Displaying sparse data in Timelion using fit()


(Nikhil Utane) #1

Hi,

I am trying to plot two charts to show correlation between them.
My first plot shows the phase error, the events for which are coming at regular interval (every second, except when there is some problem at which time there will be some gap).
My second plot is to show state transition. This state transition events are sparse and we get only a few data points (depending on the value of phase error).
So I read up this: https://www.elastic.co/blog/sparse-timeseries-and-timelion
and prepared following Timelion queries:
Phase Error: .es(exists:n_pll_phase_error).if(eq, 0, null, .es(metric="max:n_pll_phase_error"))
State Transition: .es(exists:n_pll_to_state).if(eq, 0, null, .es(metric="max:n_pll_to_state"))
And here is the incoming data for state transitions:


Within the same interval, phase error have 147,593 incoming events.

With the above queries, I see following two charts.
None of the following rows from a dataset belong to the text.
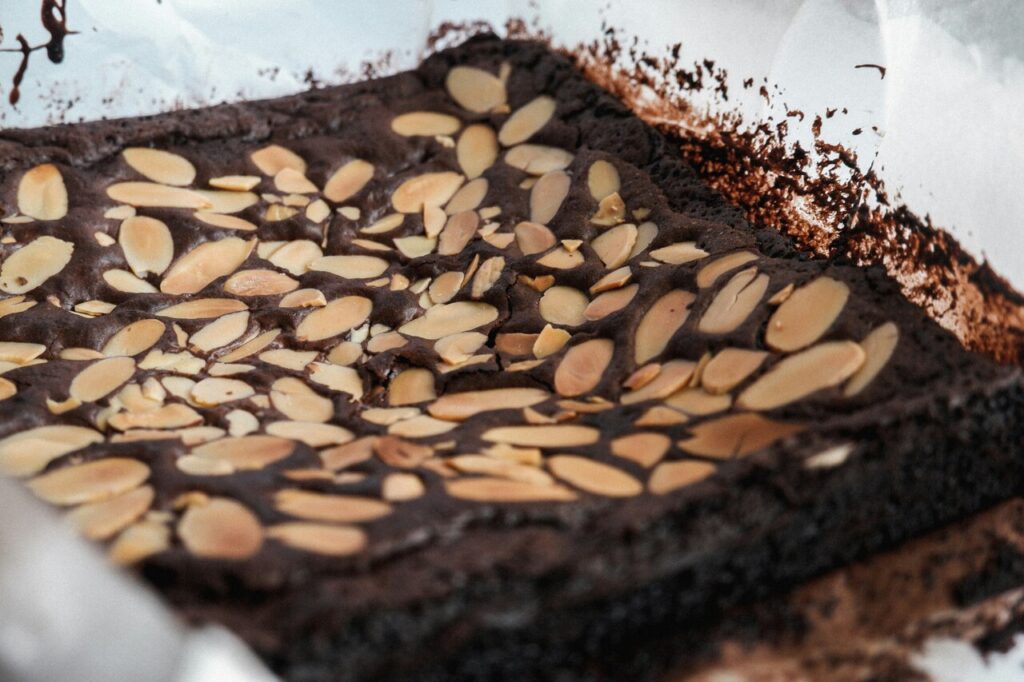 Chocolate Sheet Cake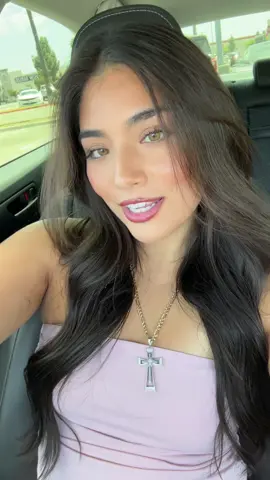 it’s my birthday ! #latina #coloredeyes #fyp #birthday #21 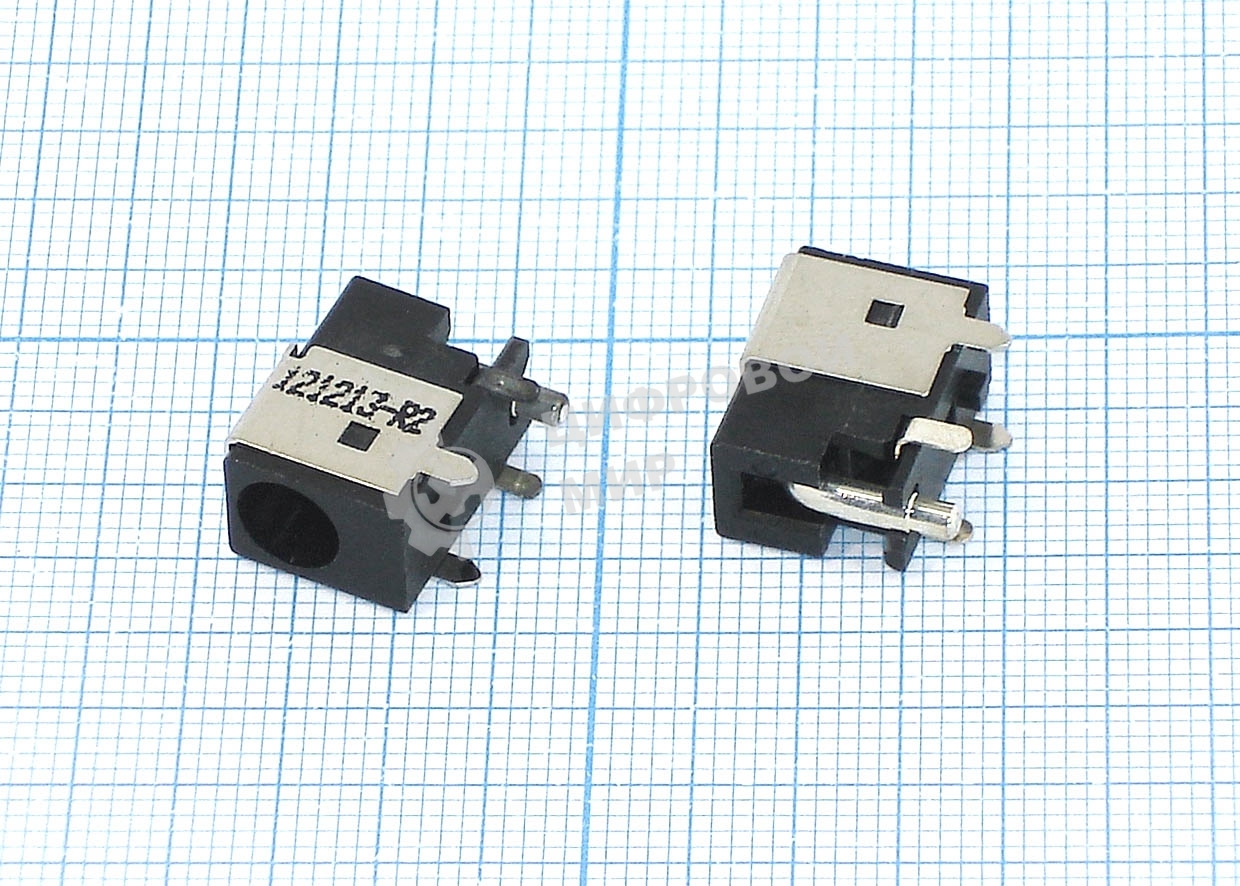 Разъем для ноутбука Dell Latitude 450MC 433M 433M 433MC 433MCX 450MC 450MCX 475C 475D 475MC LX4100T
Phase error is good but State transition is just a line.

I zoom in and don't see any data for second chart.

I use points() function and see all the 7 events.
.es(exists:n_pll_to_state).if(eq, 0, null, .es(metric="max:n_pll_to_state")).points()

Instead of points(), I use fit(none) then the chart almost looks correct.
.es(exists:n_pll_to_state).if(eq, 0, null, .es(metric="max:n_pll_to_state")).fit(none)

The reason I say almost is cause the first event came in transitioning from state 1 to state 3 but in the fit it shows state as 3 from the beginning of time which is misleading.
What I would to see instead is below chart:


Where the read line indicates the state change happened from 1 to 3 and happened at 00:32 (no assumption about prior state since it doesn't know what it was). Similarly, towards the end the line ends at 01:06 indicating that's all it knows.

If this is not doable, then I'd at least like to be able to show the initial state transition from 1 to 3 (its fine if fit() extrapolates the same data to past and future.)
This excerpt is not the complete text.